Awesome. Love it when hiring a hack to save money comes back and bites you in the As.


----------



## Master Mark (Aug 14, 2009)

what is the problem?? 

The guy at Lowes said that I could coupling them together and run then down to the basement like that....:blink:


----------



## MAC (Aug 19, 2008)

Looks to be quite a reach for the Tilsit paper as well


----------



## paytheplumber (Mar 13, 2014)

Made for left handed ****ters...lol


----------



## Gargalaxy (Aug 14, 2013)

I was called for a drain problem.....new kitchen cabinets and counter top....


----------



## Johnny Canuck (Feb 24, 2015)

Gargalaxy said:


> I was called for a drain problem.....new kitchen cabinets and counter top....


wow...


----------



## dhal22 (Jul 30, 2010)

Johns_TPS said:


> wow...


Indeed.


----------



## mccmech (Jul 6, 2011)

Gargalaxy said:


> I was called for a drain problem.....new kitchen cabinets and counter top....


Basement? I know what I'd do but, what was/is your fix?


----------



## Letterrip (Jul 28, 2013)

mccmech said:


> Basement? I know what I'd do but, what was/is your fix?


Central Florida isn't known for its basements, so I doubt it.


----------



## jmc12185 (Aug 27, 2013)

They used an escutcheon just to add that special touch. Whats the problem??


----------



## MootsNYC (Dec 19, 2013)

Johns_TPS said:


> wow...


 I concur


----------



## Gargalaxy (Aug 14, 2013)

mccmech said:


> Basement? I know what I'd do but, what was/is your fix?
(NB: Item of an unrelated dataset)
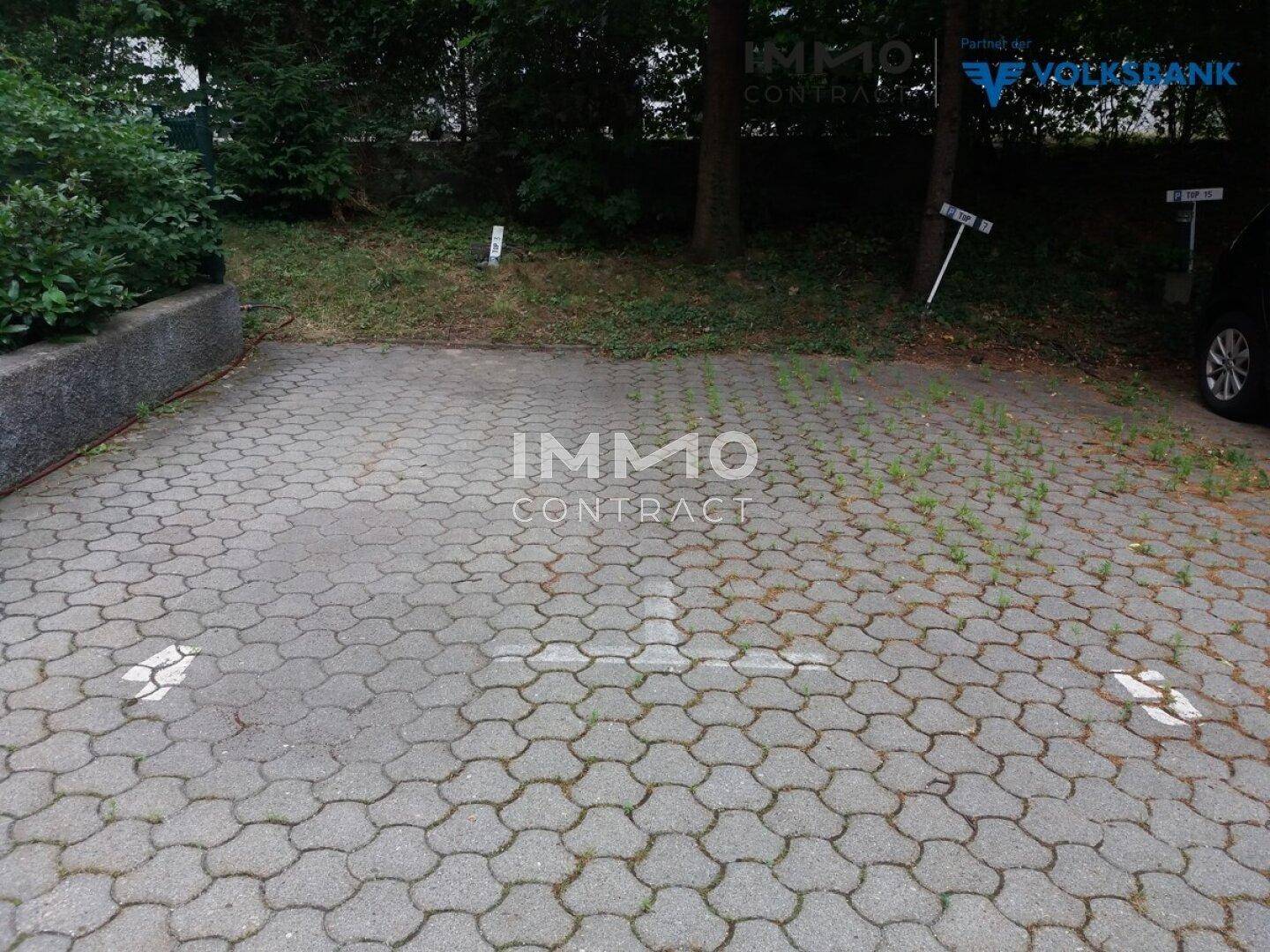 Gepflasterter Außenparkplatz mit Markierungen und umgebender Vegetation.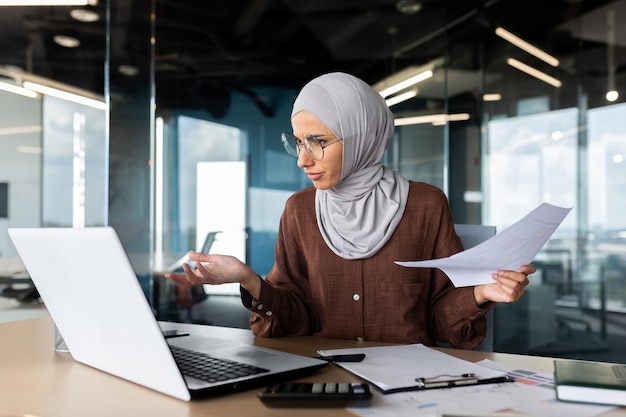 Financiële problemen bezorgden jonge moslim hijabi-zakenvrouw die op kantoor zit en aan laptop werkt en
Not basement in here. About what I did? H.O just remodeled the kitchen. The cabinet guy did the install and set up a piece of 1/2" cpvc pipe for future repipe. I'll start the whole house repipe next week and also fix it in the right way when cut wall.


----------



## GREENPLUM (Jul 27, 2008)

I see some delta pex supply lines and a 1/4 turn stop, somebody updated


----------



## mrjasontgreek (May 21, 2014)

How about this one?


----------